German agencies, like the German Bank of Palestine were engaged in a violent propaganda, pushing the Muslims into the hatred towards Christians.
The Treaties of Adrianople in June 1915 between Turkey and Bulgaria:
1) Creation of a Turkish-Bulgarian commercial union as a corollary to the political union.
2) Wrest control of the commerce of the east from the Greeks.
3) Establishment of Muslim agencies addressed to the Muslims only, in order to break off business relations with Greeks.
4) Reduction of the Patriarchate’s privileges.
5) Defence of the teaching of the Greek language in the future.
7) Forced conversions of the population of Christian groupings to Islam, imposition of mixed marriages.
Methods of persecutions:
1) Abolition of privileges
2) Enlistment of Greeks
3) Contributions and requisitions
4) Forced conversions to Islam
5) Deportations
6) Assassinations
Christians were incorporated in the workers’ battalions and sent into the interior. Those who formed part of them, were reduced to a skeleton state, both by the burning plains of Mesopotamia and the icy mountains of Caucasus. They were dying by millions. Entire battalions succumbed to typhus or cholera. Many were those who were massacred by the Turkish guards who were tired of watching over them. A trustworthy informant says to me that 150.000 Greeks enlisted in these battalions, perished.
Approximately 250.000 Greeks of Thrace and of the coasts of Asia Minor fled to Greece, of which 40.000 served in the Greek army in Macedonia.

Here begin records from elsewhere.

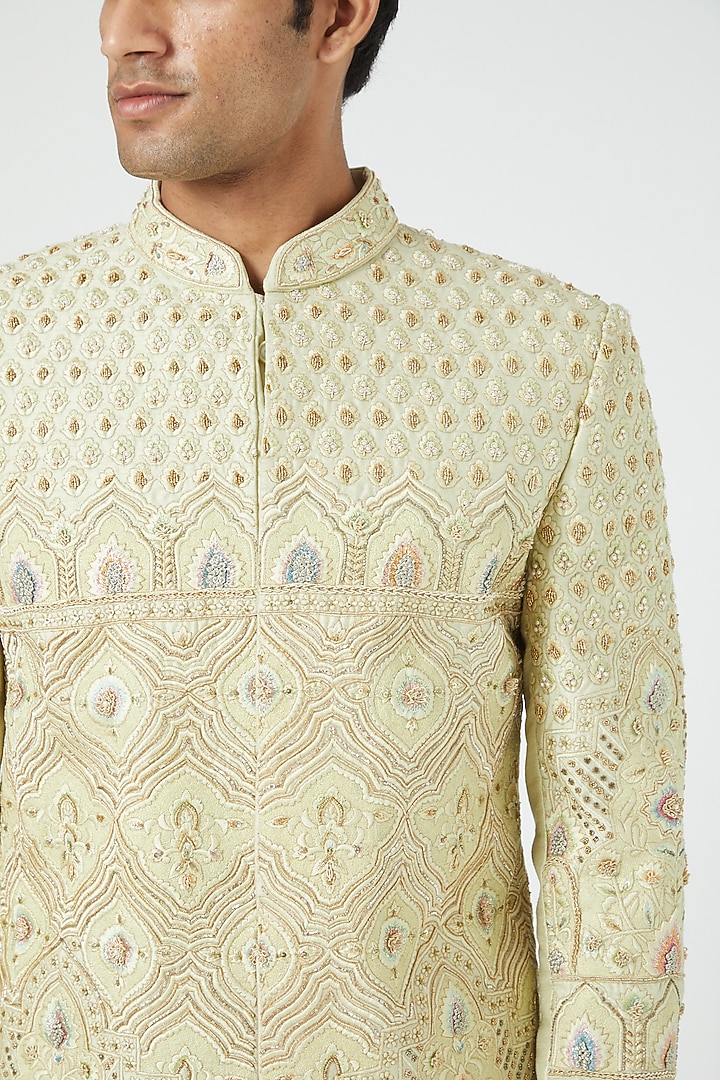 Mint Green Silk Blend Embroidered Groom Sherwani Set by Soniya G Men at Pernia's Pop Up Shop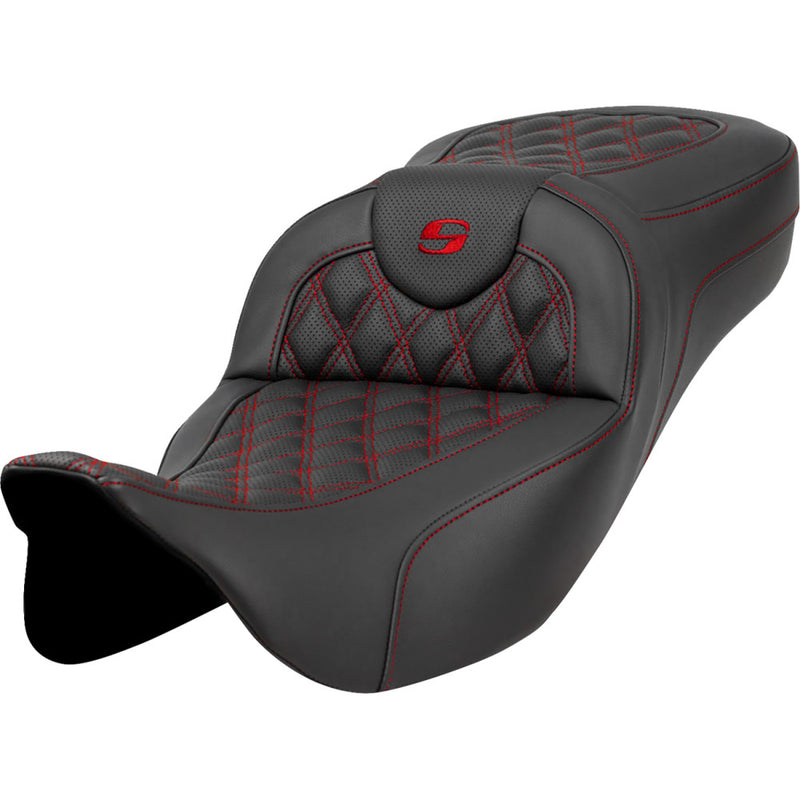 Saddlemen Roadsofa Extended Reach Lattice Stitch Sadel till Harley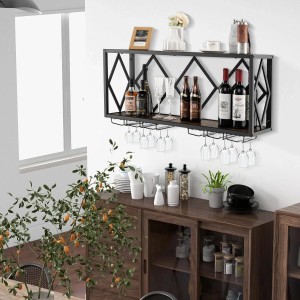 Costway Weinregal Wand mit 2 Ebenen für 6 Weingläser im Industrial Design.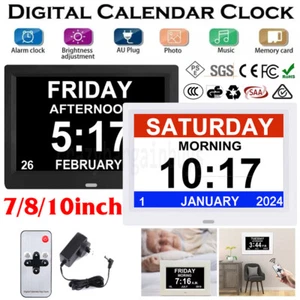 7/8/10 LED Dementia Digital Calendar Clock Alarm Extra Large Day/Week/Month/Year - Picture 1 of 18
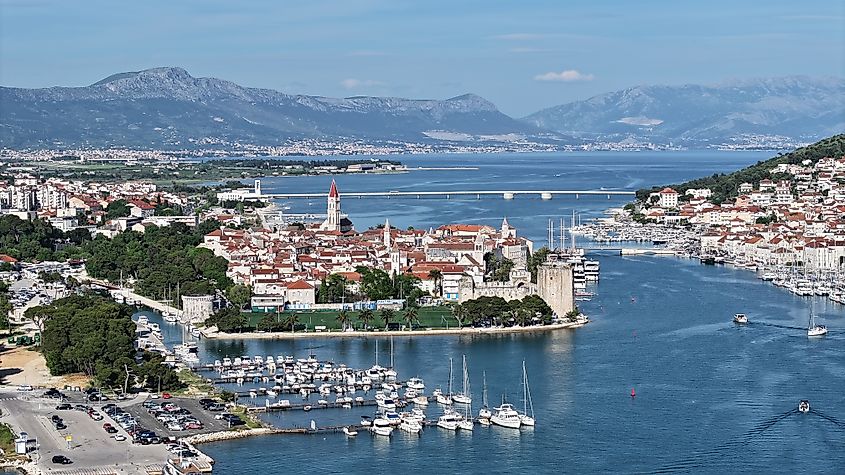 Aerial view of Trogir, Croatia.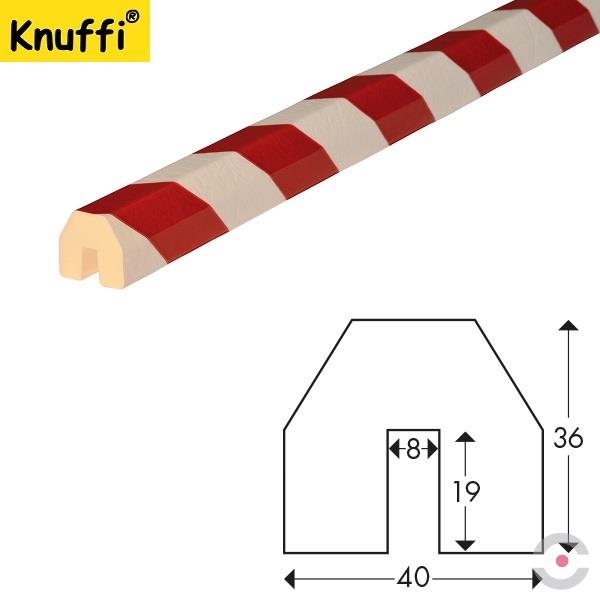 Elastyczny profil ostrzegawczo-ochronny Knuffi, typ BB, biały/czerwony, 5000 mm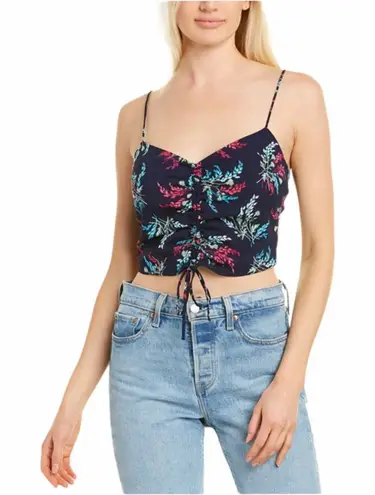 Likely Alias Floral Print Ruched Crop Top Tank Top Cerulean Blue Detail Large
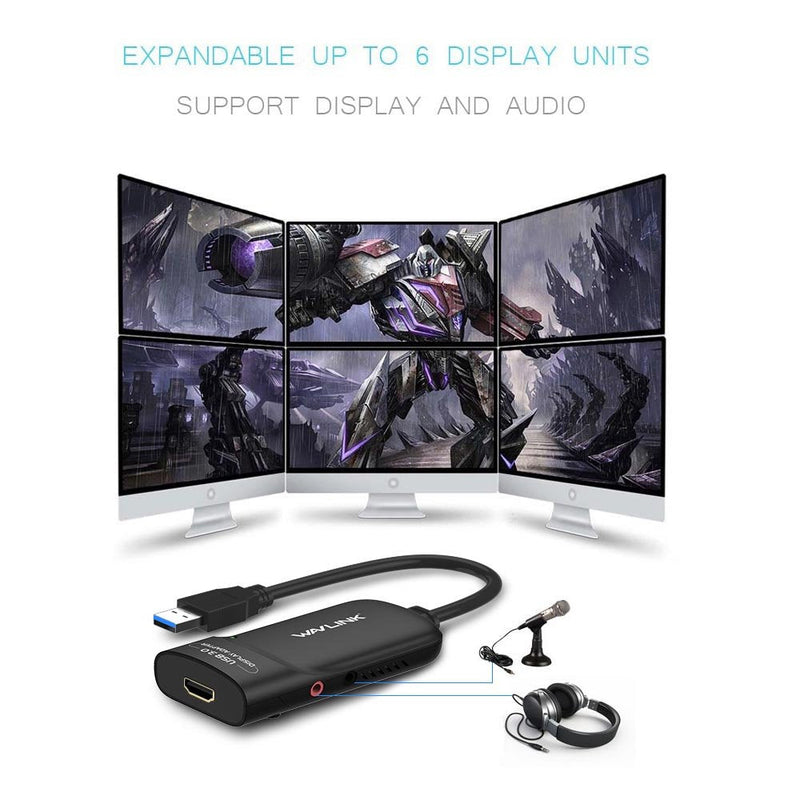 Wavlink USB 3.0 to HDMI Universal Video Graphics Adapter with Audio Port Displaylink Chip Supports up to 6 Monitor displays, 2048x1152 External Video Card Adapter Support Windows & Chrome OS USB to HDMI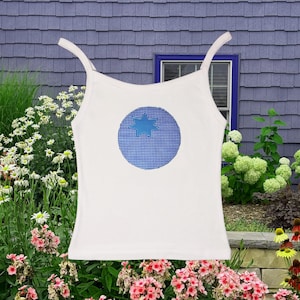 Blueberry Embroidered Tank Top | Summer Patchwork Shirt | Fruit Embroidery Women's & Girl's Tank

Due to 300 desertions in the district of Kerasounta, 88 villages were razed to the ground in three months. Approximately 30.000 inhabitants, mainly women and children, were made to walk to Ankara in mid-winter, without having the right to take a single object with them. One quarter died on the way.
In December 1914, the town of Aivali was encircled by the Turks. All men were arrested, while their wives and daughters were raped.
These mass deportations were decided by the Committee at the beginning of 1915. According to a very moderate estimate, the number of the deportees comes up to 450.000.
Rafet Pasha, ex-governor of Bitlis was sent to Samsun with the strict order to become the curse for the Greeks. He has fully accomplished his mission.
More than 150.000 were deported from this district and that of Trebizond. Fearing the fate of the Armenians, hundreds of girls committed suicide falling into the rivers. In the province of Samsun, 108 villages were entirely evacuated and burned.
In summary, there is the certainty that 450.000 Greeks were deported and died, 150.000 were enlisted in the workers’ battalions and died, 250 000 fled from Asia Minor and Thrace to Greece and 350.000 were deported after the Balkan wars, before the Great War.